A year after being disqualified from the Samsung World Championship because of a violation of the Rules of Golf, Wie spent a good part of yesterday's first round of this year's Samsung getting rulings on wayward shots and struggling to a roller-coaster round of 2-over 74.

"I called the referee every single time this time," Wie said, managing a smile after the confusing and strange back nine. "So I don't believe there are going to be any problems."

Dealing with issues as varied as a whiff, a cart path, a hanging branch from a willow tree and desert bushes, Wie took nearly half an hour to play the 14th hole. LPGA rules official Janet Lindsay said it might have been the strangest set of circumstances she has seen in 12 and a half years of officiating.

"We were dealing with quite a few different things," Lindsay said.

After a birdie and eight pars on the front nine, Wie's wild ride began at the par-4 10th. A drive left of the fairway onto a cart path came to rest near a drain. Wie received a free drop from the drain, but her best option on the drop was to stay on the cart path. She hit her second shot onto the green and made her par.

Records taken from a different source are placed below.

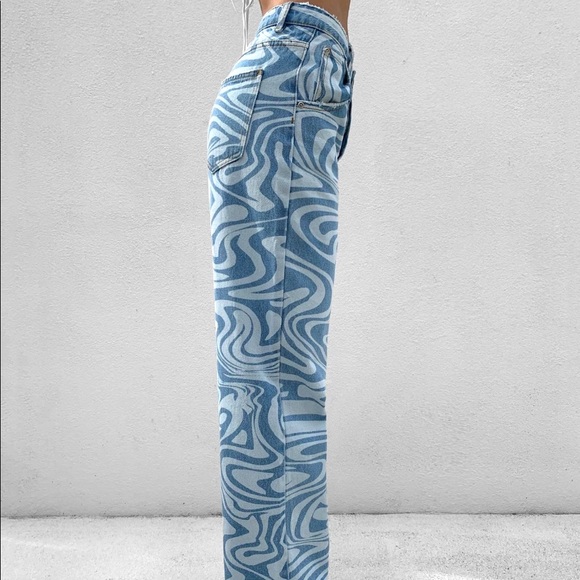 blue swirl jeans - Picture 2 of 3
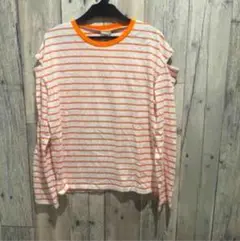 オレンジと白のストライプ長袖Tシャツ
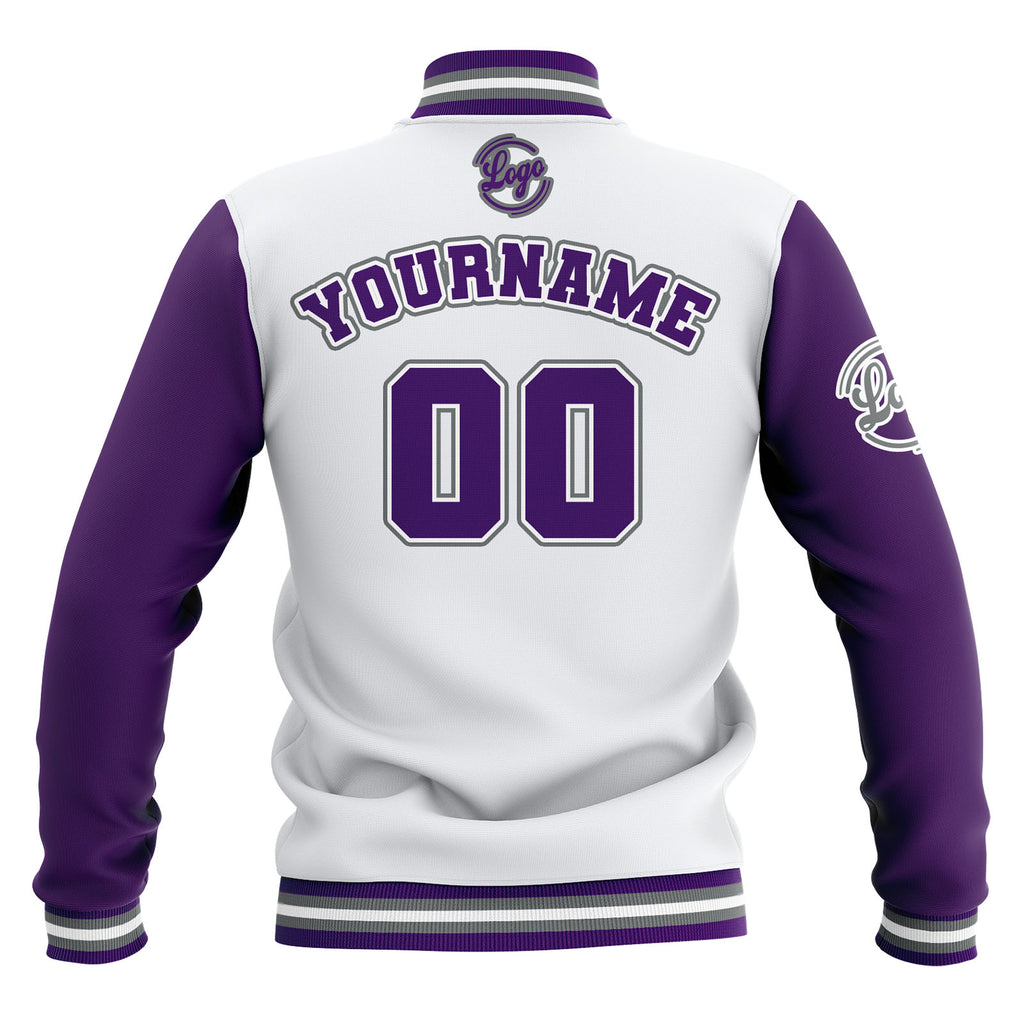 Custom White Purple Grey Waterproof Varsity Jackets Personalized Stitched Name Number Logo to Letterman Jackets enthsush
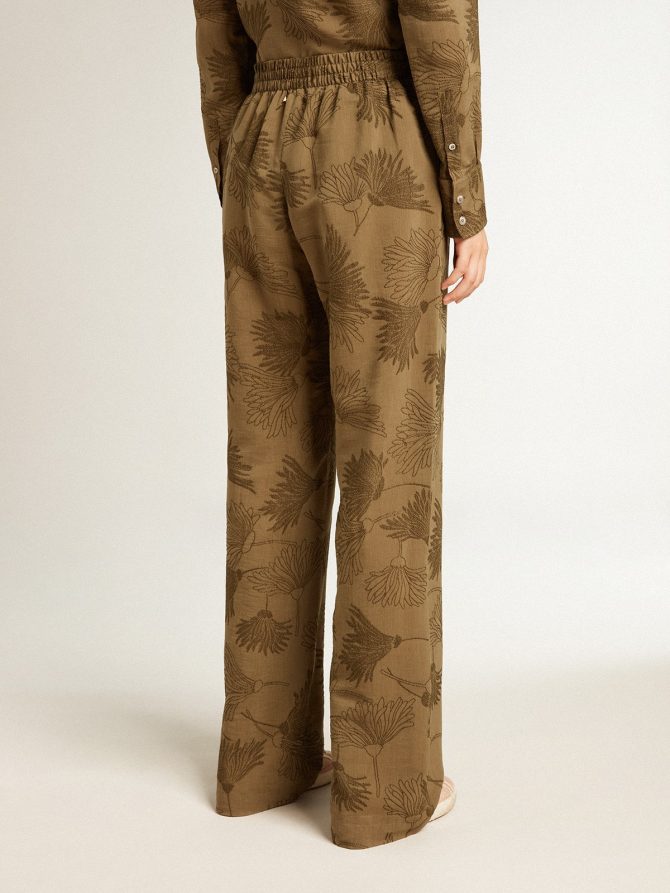 Women’s olive-colored viscose-cotton blend pants with floral pattern - Image 4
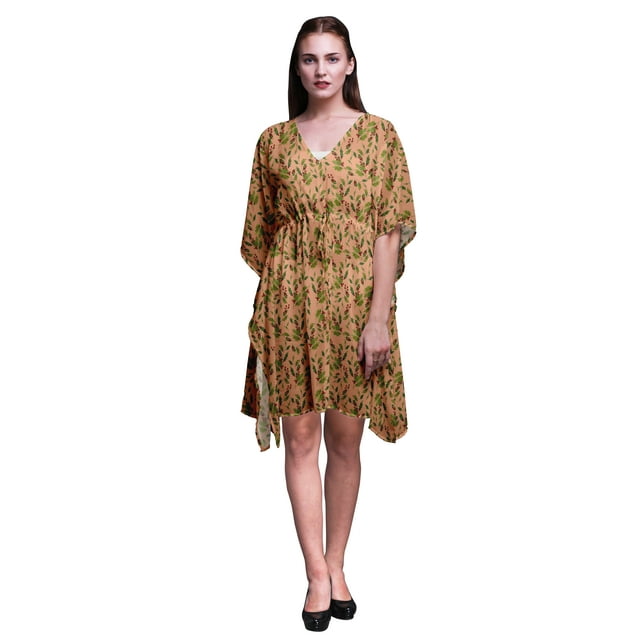 Bimba Feuilles de Pêche Légères Baies Rouges et Houx Kaftan pour Femmes Grande Taille Tenue d'Été Sortie de Plage Kimono Caftan-TG-3X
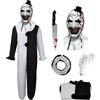 SINSEN Costume da terrificante per bambini, tuta da clown, maschera con coltello finto e guanti, costume da clown assassino, per Halloween, cosplay, per ragazzi e ragazze, età 4-12 anni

Then came the run of strange holes:

  • At the par-4 11th, her drive was right into a bunker, where she could reach the green. She was just off the green in three and three-putted from the fringe for a double-bogey 6.

  • At the par-5 12th, her second shot raced through the firm green, but she rolled in a 40-foot eagle putt from the fringe.

  • At the 14th, her drive came to rest after rolling past a cart path. After a free drop, she still had little room for her backswing and whiffed at her attempt to hit the ball. Her third shot rolled a few yards under a bush. A one-shot penalty from an unplayable lie drop put her on another cart path, and she pitched back to the fairway from there for 5. Her sixth shot was on the green and she two-putted for a quadruple-bogey 8.

  • On the par-3 17th, she made a birdie.

    Annika Sorenstam, who shares the first-round lead with Lorena Ochoa after a 67, said she understands how rulings like Wie experienced can be common at the Canyons Course.

    "The fairways are generous, but if you miss them, you've got nothing," Sorenstam said.

    While Wie wasn't happy with the 74, she was at least pleased she was able to come back with the eagle on the 12th after the double-bogey 6 on the 11th. But she knew she wasn't going to come back from the quadruple-bogey as easily.

    "My game is feeling really good. It feels really close right now," Wie said. "I hit a couple of bad drivers, but everything else was good."